RECORDS FOR THIS TASK
□ □ □ □

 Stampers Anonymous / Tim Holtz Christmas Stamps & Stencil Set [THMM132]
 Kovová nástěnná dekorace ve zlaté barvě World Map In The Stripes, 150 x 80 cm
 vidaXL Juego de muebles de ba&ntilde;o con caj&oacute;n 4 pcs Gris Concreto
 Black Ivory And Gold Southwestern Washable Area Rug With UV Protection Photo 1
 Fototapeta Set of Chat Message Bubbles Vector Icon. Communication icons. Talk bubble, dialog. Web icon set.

□ □ □ □

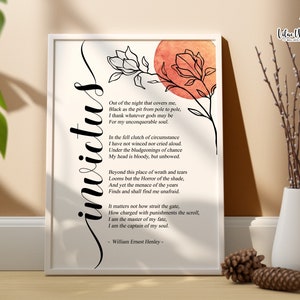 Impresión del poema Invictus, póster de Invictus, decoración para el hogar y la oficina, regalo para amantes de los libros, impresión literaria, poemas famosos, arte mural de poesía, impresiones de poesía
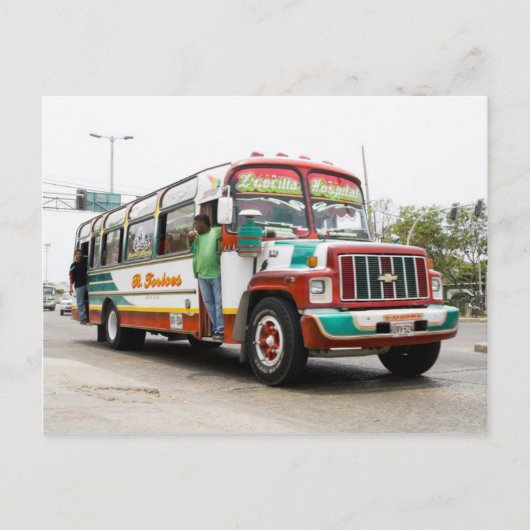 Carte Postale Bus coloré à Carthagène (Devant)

□ □ □ □

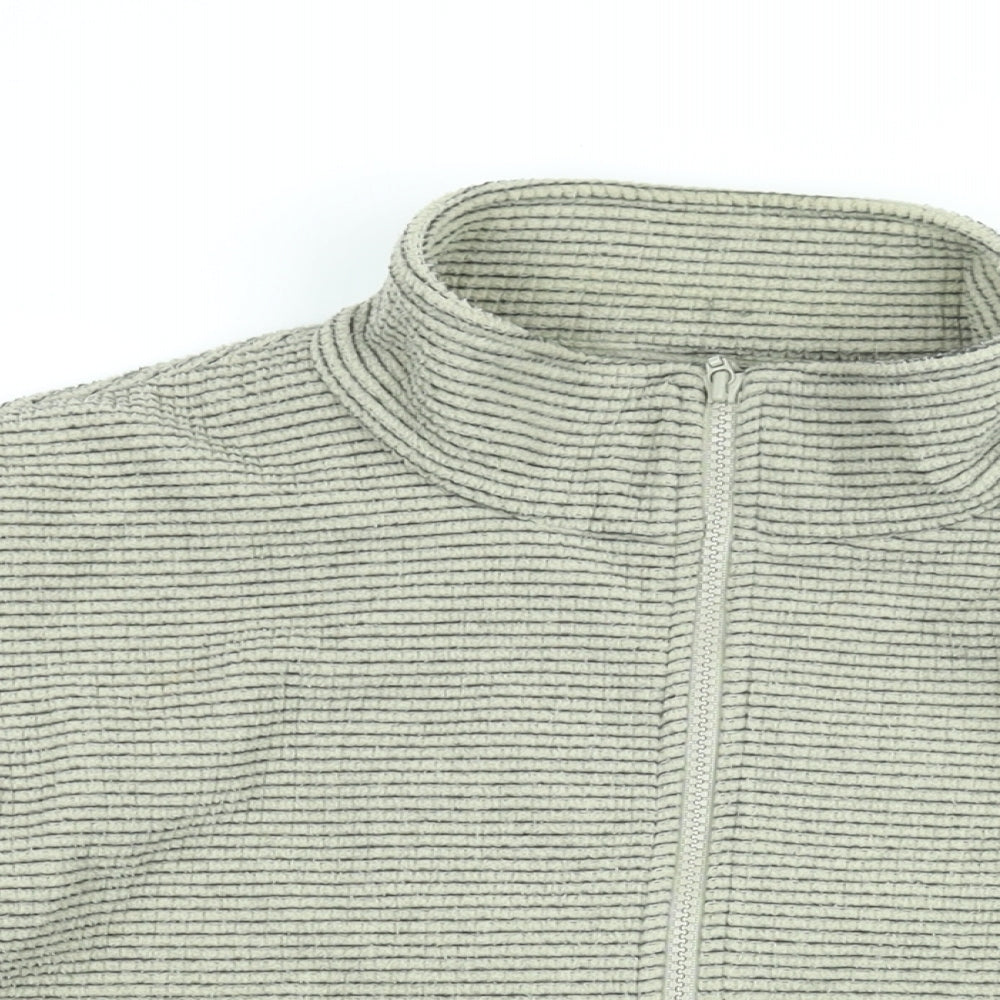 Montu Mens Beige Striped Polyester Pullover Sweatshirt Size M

□ □ □ □

WHAT IS BEING ASKED
All lines above from the line with "Stampers Anonymous /" through the line with "Fototapeta Set of", both included, are to be set down exactly, with nothing else.

ANSWER FOR THE TASK
 Stampers Anonymous / Tim Holtz Christmas Stamps & Stencil Set [THMM132]
 Kovová nástěnná dekorace ve zlaté barvě World Map In The Stripes, 150 x 80 cm
 vidaXL Juego de muebles de ba&ntilde;o con caj&oacute;n 4 pcs Gris Concreto
 Black Ivory And Gold Southwestern Washable Area Rug With UV Protection Photo 1
 Fototapeta Set of Chat Message Bubbles Vector Icon. Communication icons. Talk bubble, dialog. Web icon set.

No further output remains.